What to work on =>
What you give back must match the data exactly, minus the pictures.

Collected data =>
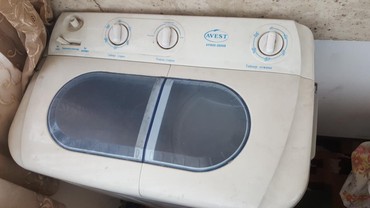 стиральная машина 5000: Стиральная машина Avest, Б/у, Полуавтоматическая
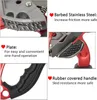 تسلق الصعود ، الطيران ضوء سبيكة Rappelling Belay Gear Rock Rock Tree Arborist SRT Climbing Rope Ascender with Handle Clamp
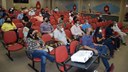 Encontro tem a presença da equipe da Pró-reitoria de Ensino, dos diretores de Ensino e chefes de departamento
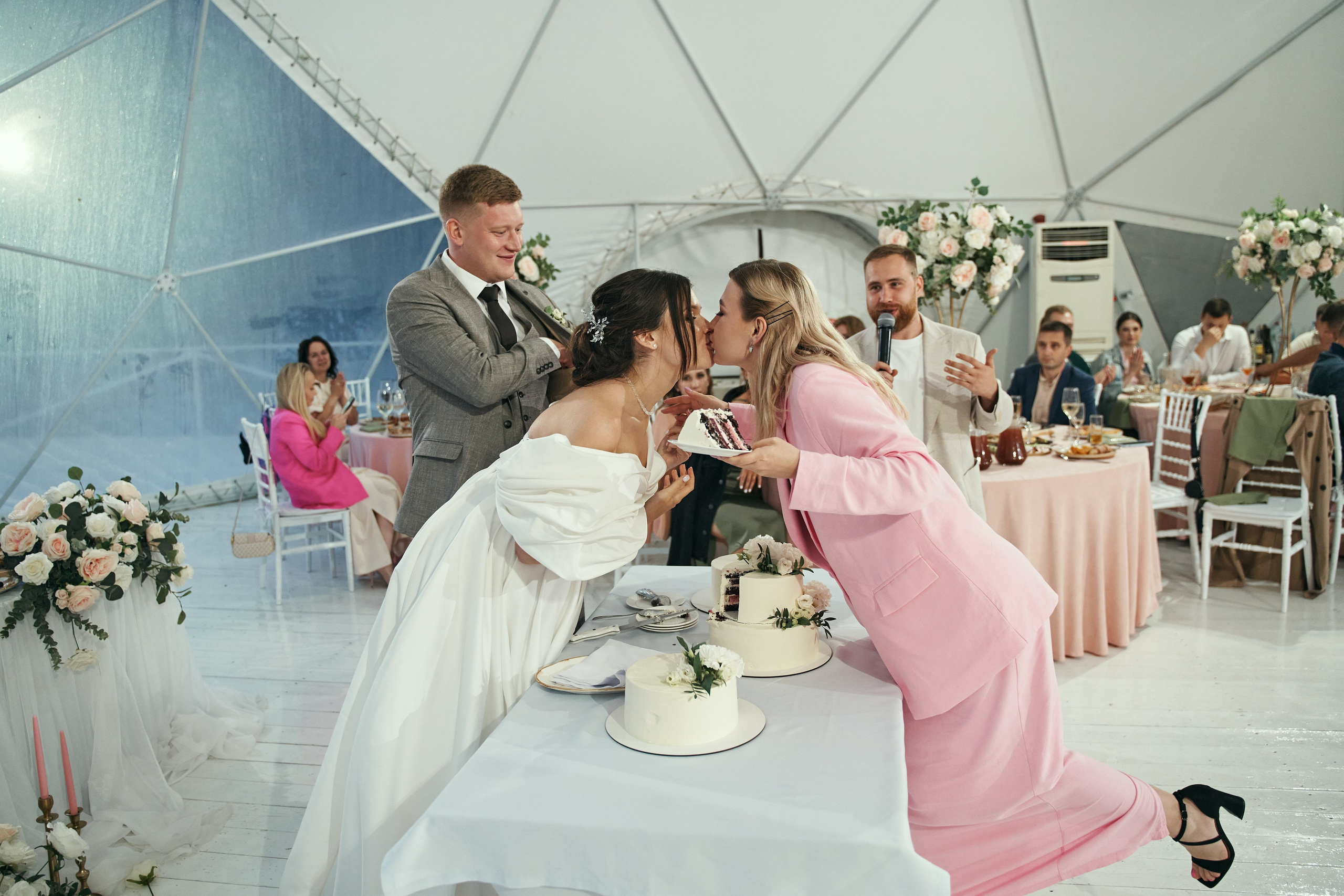 Анна и Михаил. Фотограф Слава Кайгородов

Result of the exercise =>
 стиральная машина 5000: Стиральная машина Avest, Б/у, Полуавтоматическая
 تسلق الصعود ، الطيران ضوء سبيكة Rappelling Belay Gear Rock Rock Tree Arborist SRT Climbing Rope Ascender with Handle Clamp
 Encontro tem a presença da equipe da Pró-reitoria de Ensino, dos diretores de Ensino e chefes de departamento
 Анна и Михаил. Фотограф Слава Кайгородов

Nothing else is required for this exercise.